Sur ce, le hasard veut que je tombe sur l’ouvrage "Star Wars, le côté obscur de l’Amérique" d’un certain Thomas Snégaroff (2018 – une réédition d’un précédent titre que j’avais déjà repéré, intitulé "Je suis ton père : la saga Star Wars, l’Amérique et ses démons" paru en 2015). Disons-le d’entrée, ce type d’ouvrage est tout à fait ma came. Ce n’est pas pour rien que j’ai écrit il y a plus de dix ans "Une histoire politique du cinéma" et "Hollywood, cinéma et idéologie". En plus, c’est écrit simplement et sans prétention snobinarde, c’est érudit et bien pensé, bref c’est pédagogique. Bon, après le propos n’invente pas non plus la théorie de la relativité, mais il pose définitivement les bons mots sur ce que l’on savait ou soupçonnait depuis longtemps.
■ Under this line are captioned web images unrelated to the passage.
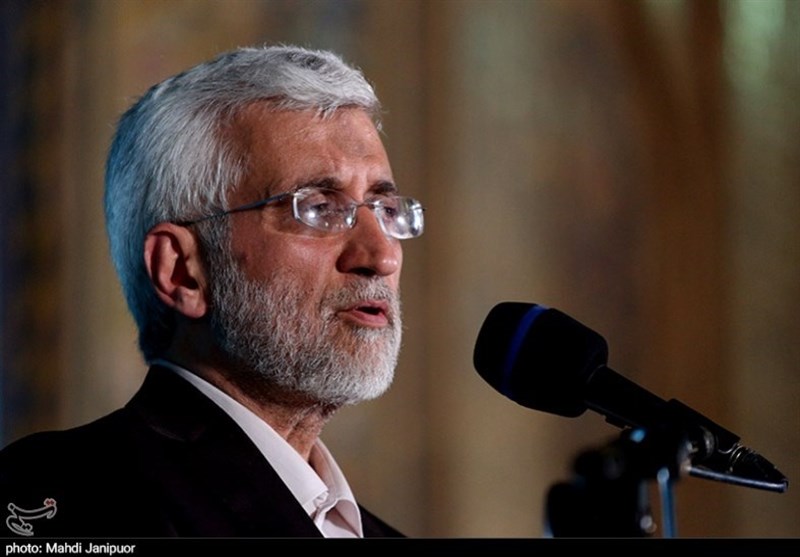 حضور سعید جلیلی در منزل شهید رئیسی + تصویر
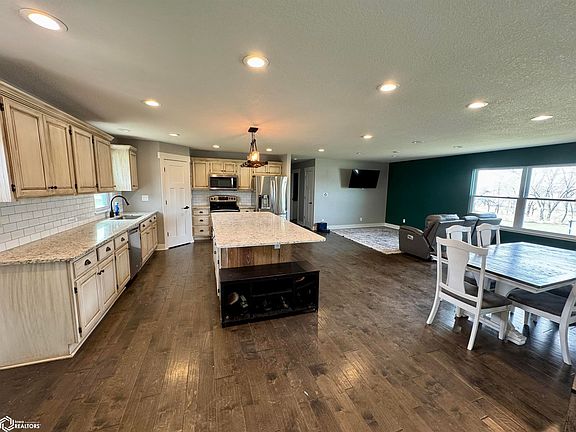 4th image of 603 1st St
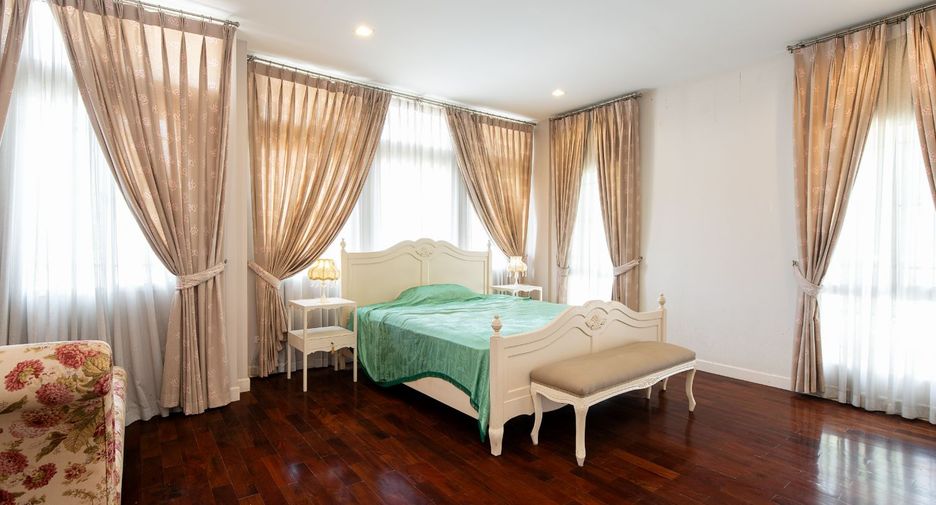 For sale 3 bedrooms house in Pak Kret, Nonthaburi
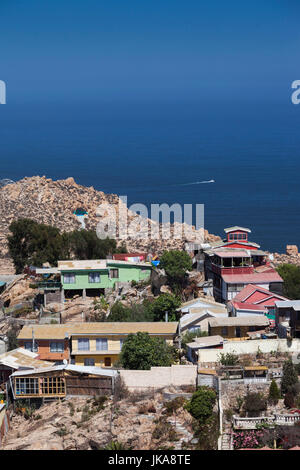 Chile, Coquimbo, erhöhte Stadtansicht von Cruz del III Milenio Kreuz, Dämmerung Stockfoto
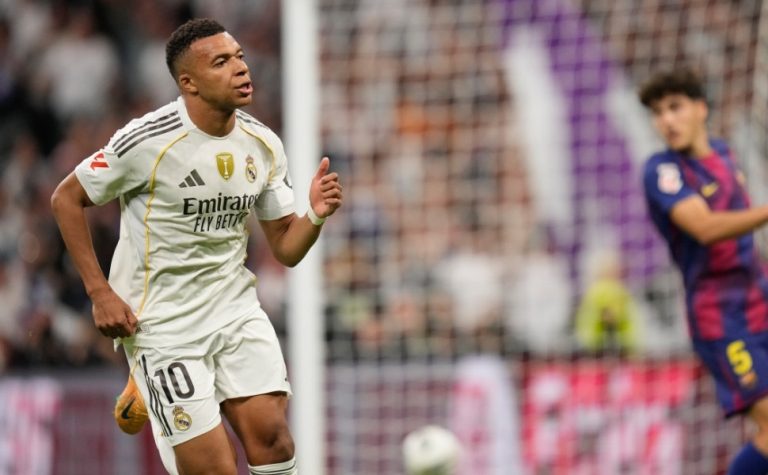 Mbappé perde pênalti, Vini explode, mas Real vence Barça e encerra jejum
De quoi est-il donc question ? Déjà, que les fans ne s’attendent pas à une analyse en bonne et due forme de leur saga préférée – se référer plutôt pour cela au "Star Wars : anatomie d’une saga" de Laurent Jullier (Armand Colin, 2005). Non, dans cet essai-ci, l’univers Star Wars ne sert que de support à une réflexion transhistorique sur la politique et l’idéologie américaines, depuis l’époque de la guerre d’indépendance jusqu’à aujourd’hui en passant par la Guerre froide, le Maccarthysme ou la guerre du Vietnam (ex. « la peur au service de la dictature » ou « la guerre comme croisade »). Mais cette grande histoire est en même temps éminemment constitutive de l’univers de la saga. Snégaroff nous montre en effet combien le personnage de Palpatine fut inspiré par le président Richard Nixon, puis par George Bush Jr. L’Empire du mal, lui, s’inspirerait du nazisme (les Stormtrooper tiendraient leur nom des Sturmtruppen allemands de 14-18) et du stalinisme (Dark Vador serait une sorte d’alter-égo de Beria, le chef sanguinaire du NKVD, la police politique stalinienne). Les rebelles pour leurs parts seraient à rapprocher des Pères fondateurs de l’Amérique vertueuse des pionniers. Et la « guerre des étoiles » qui oppose le Bien (les rebelles et leurs alliés Jedi) et le Mal (le côté obscur de la force) serait une réplique de la guerre de Sécession. Mais il va de soi que les références s’avèrent bien plus complexes qu’il n’y paraît au premier abord, dans la mesure où depuis la première version du scénario datant de 1973, Lucas a intégré au fil du temps et de son imagination fertile de multiples autres sources d’inspiration issues de ses sensibilités politiques, des grands mythes grecques (Oedipe), des légendes celtiques (Perceval), de la Bible (Luke n’est-il pas l’Elu ?) et bien sûr de la pop-culture (comics, films de samouraïs, Flash Gordon…). Par exemple, selon l’auteur, les Ewoks du Retour du Jedi ne seraient autres que de proches cousins des Viêt-Cong. Ainsi si la trilogie de 1977-1983 restait très marquée par la sale guerre du Vietnam (1965-1975), la prélogie de 1999-2005 le serait elle par celle d’Irak (2003-2011).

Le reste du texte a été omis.